* **Work to be completed**
Repeat exactly, and only, the lines below starting at the line that contains "Choosing Safety: A" and ending at the line that contains "Hedge Fund Hiring", inclusive of both.

Start of Data for analysis

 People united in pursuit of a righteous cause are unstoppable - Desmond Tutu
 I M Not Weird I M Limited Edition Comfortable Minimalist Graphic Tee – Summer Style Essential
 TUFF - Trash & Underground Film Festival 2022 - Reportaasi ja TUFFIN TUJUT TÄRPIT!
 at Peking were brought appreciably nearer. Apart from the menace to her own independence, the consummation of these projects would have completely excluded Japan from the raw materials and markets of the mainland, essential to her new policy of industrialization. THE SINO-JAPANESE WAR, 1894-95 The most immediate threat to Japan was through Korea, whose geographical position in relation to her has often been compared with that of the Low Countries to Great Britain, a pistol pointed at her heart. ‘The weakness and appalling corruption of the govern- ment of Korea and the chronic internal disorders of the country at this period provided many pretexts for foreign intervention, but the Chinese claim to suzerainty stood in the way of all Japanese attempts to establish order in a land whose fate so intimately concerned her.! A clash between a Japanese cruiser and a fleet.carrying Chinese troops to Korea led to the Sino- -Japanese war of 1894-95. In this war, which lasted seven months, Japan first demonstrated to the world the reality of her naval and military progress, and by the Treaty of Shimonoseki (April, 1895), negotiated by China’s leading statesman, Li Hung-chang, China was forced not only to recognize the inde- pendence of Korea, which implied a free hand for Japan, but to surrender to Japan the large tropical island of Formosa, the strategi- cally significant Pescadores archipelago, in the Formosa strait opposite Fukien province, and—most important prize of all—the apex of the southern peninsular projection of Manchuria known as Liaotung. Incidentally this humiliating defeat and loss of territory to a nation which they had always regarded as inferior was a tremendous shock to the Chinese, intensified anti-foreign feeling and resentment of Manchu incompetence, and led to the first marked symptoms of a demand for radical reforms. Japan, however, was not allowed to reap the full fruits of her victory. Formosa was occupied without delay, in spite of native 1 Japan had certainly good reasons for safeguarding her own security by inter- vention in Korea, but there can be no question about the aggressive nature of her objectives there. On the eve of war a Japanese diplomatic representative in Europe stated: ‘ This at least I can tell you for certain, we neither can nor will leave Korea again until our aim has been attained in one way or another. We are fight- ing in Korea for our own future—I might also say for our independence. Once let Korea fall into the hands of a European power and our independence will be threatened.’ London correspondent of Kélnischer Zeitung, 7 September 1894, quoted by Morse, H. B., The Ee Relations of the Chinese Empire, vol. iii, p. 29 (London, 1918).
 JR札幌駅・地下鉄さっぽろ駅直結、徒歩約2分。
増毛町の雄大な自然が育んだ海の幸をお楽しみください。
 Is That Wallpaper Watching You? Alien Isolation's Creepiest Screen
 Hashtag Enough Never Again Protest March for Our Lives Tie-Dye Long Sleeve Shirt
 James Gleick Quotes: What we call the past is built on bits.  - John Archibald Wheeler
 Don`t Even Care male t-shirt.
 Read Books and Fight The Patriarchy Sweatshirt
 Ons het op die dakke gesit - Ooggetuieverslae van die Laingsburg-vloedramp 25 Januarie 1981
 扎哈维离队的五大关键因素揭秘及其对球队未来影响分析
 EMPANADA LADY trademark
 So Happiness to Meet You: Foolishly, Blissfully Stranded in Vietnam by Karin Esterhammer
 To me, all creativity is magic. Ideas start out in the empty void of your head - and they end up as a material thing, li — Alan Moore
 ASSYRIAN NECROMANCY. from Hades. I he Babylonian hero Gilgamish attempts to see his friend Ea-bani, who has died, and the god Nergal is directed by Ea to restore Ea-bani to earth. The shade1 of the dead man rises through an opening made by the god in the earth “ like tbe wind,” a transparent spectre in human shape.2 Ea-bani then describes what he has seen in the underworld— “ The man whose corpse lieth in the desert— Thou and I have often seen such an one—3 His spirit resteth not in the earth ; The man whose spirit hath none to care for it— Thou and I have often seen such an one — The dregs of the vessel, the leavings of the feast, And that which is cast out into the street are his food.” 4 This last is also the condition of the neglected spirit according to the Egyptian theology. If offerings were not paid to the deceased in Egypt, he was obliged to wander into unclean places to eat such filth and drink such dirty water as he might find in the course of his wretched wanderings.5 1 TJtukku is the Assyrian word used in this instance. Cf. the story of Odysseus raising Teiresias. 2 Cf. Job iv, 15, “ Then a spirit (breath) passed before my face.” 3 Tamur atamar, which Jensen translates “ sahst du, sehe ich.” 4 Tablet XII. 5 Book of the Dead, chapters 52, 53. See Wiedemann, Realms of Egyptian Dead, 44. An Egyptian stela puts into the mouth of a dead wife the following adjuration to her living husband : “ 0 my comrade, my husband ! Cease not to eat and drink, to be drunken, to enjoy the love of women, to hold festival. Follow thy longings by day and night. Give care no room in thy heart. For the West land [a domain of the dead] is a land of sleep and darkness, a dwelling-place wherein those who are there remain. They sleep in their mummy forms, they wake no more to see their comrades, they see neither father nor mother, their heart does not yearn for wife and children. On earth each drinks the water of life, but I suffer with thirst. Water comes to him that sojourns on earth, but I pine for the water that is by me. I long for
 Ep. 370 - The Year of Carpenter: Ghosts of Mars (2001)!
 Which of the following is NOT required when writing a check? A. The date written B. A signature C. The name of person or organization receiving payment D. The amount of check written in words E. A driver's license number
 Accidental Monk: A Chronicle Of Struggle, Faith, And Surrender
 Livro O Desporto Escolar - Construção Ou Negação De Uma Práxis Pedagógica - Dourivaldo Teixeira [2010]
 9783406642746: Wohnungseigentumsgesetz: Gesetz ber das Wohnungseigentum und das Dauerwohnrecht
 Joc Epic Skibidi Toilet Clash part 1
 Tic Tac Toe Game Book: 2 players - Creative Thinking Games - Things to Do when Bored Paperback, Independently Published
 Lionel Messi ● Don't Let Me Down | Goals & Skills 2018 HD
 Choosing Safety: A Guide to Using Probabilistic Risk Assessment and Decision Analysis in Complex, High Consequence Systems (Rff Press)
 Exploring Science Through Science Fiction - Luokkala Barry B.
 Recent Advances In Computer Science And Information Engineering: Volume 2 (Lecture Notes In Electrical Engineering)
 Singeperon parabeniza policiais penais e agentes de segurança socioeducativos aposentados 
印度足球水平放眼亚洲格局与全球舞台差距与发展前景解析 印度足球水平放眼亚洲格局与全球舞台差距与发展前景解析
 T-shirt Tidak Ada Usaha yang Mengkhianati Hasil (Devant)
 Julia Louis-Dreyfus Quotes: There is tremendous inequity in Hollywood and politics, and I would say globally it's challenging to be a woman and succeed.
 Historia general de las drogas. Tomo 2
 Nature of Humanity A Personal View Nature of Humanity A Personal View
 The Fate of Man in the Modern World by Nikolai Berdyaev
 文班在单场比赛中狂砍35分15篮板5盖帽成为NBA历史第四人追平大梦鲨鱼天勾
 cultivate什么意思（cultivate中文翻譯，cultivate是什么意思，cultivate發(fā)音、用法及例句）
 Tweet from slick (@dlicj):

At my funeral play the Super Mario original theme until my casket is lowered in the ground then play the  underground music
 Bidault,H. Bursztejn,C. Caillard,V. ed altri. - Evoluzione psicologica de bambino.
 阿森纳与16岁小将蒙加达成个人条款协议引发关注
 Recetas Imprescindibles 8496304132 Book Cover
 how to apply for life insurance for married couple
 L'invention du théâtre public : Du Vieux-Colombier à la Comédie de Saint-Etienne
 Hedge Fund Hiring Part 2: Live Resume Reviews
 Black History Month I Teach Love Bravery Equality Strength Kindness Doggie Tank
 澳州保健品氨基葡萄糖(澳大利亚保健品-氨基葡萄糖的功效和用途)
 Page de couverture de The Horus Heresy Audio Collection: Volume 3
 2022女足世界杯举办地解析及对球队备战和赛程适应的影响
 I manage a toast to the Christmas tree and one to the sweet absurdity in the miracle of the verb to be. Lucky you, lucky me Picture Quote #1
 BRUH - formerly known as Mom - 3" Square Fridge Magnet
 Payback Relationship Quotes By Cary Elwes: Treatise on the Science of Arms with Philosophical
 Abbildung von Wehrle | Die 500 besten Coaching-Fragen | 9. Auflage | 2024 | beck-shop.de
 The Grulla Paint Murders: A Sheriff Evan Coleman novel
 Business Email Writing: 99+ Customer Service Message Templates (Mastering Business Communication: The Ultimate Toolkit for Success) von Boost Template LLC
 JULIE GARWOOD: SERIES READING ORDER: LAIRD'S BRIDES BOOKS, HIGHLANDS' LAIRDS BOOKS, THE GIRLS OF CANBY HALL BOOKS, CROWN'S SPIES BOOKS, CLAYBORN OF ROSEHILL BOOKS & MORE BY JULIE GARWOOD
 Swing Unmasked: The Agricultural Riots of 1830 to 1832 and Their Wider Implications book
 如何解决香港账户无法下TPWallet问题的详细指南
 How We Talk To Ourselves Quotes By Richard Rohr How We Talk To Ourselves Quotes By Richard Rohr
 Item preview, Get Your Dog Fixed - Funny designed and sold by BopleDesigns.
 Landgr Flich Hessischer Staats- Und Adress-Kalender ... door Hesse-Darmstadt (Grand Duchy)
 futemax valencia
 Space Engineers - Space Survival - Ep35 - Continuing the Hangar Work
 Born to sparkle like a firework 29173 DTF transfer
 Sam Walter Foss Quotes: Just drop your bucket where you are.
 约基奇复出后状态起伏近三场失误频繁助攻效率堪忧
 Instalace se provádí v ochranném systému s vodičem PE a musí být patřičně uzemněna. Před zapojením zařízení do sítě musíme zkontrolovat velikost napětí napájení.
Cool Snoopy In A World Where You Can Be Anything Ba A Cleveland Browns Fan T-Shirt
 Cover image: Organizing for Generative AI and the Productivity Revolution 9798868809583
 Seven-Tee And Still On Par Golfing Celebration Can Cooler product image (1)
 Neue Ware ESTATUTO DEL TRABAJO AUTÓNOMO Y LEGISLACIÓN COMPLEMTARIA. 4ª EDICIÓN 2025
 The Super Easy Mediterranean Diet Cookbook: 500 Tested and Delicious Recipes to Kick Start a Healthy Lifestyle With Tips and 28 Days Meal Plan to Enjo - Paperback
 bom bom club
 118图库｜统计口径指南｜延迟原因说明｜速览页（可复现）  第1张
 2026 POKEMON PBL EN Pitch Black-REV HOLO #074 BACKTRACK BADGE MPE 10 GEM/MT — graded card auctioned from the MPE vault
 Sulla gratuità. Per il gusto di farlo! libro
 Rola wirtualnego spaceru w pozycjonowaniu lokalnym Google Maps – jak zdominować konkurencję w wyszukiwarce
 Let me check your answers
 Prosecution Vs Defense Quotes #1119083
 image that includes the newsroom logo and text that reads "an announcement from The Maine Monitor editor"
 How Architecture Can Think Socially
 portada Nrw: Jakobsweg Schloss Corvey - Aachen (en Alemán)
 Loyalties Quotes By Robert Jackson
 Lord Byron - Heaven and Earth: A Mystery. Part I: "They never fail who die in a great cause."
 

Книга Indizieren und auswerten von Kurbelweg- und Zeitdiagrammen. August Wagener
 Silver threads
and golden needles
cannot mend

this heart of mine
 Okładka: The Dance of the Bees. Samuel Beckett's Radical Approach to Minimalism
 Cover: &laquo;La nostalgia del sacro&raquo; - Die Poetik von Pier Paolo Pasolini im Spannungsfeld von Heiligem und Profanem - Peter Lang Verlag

End of Data for analysis

* **The answer**
 Choosing Safety: A Guide to Using Probabilistic Risk Assessment and Decision Analysis in Complex, High Consequence Systems (Rff Press)
 Exploring Science Through Science Fiction - Luokkala Barry B.
 Recent Advances In Computer Science And Information Engineering: Volume 2 (Lecture Notes In Electrical Engineering)
 Singeperon parabeniza policiais penais e agentes de segurança socioeducativos aposentados 
印度足球水平放眼亚洲格局与全球舞台差距与发展前景解析 印度足球水平放眼亚洲格局与全球舞台差距与发展前景解析
 T-shirt Tidak Ada Usaha yang Mengkhianati Hasil (Devant)
 Julia Louis-Dreyfus Quotes: There is tremendous inequity in Hollywood and politics, and I would say globally it's challenging to be a woman and succeed.
 Historia general de las drogas. Tomo 2
 Nature of Humanity A Personal View Nature of Humanity A Personal View
 The Fate of Man in the Modern World by Nikolai Berdyaev
 文班在单场比赛中狂砍35分15篮板5盖帽成为NBA历史第四人追平大梦鲨鱼天勾
 cultivate什么意思（cultivate中文翻譯，cultivate是什么意思，cultivate發(fā)音、用法及例句）
 Tweet from slick (@dlicj):

At my funeral play the Super Mario original theme until my casket is lowered in the ground then play the  underground music
 Bidault,H. Bursztejn,C. Caillard,V. ed altri. - Evoluzione psicologica de bambino.
 阿森纳与16岁小将蒙加达成个人条款协议引发关注
 Recetas Imprescindibles 8496304132 Book Cover
 how to apply for life insurance for married couple
 L'invention du théâtre public : Du Vieux-Colombier à la Comédie de Saint-Etienne
 Hedge Fund Hiring Part 2: Live Resume Reviews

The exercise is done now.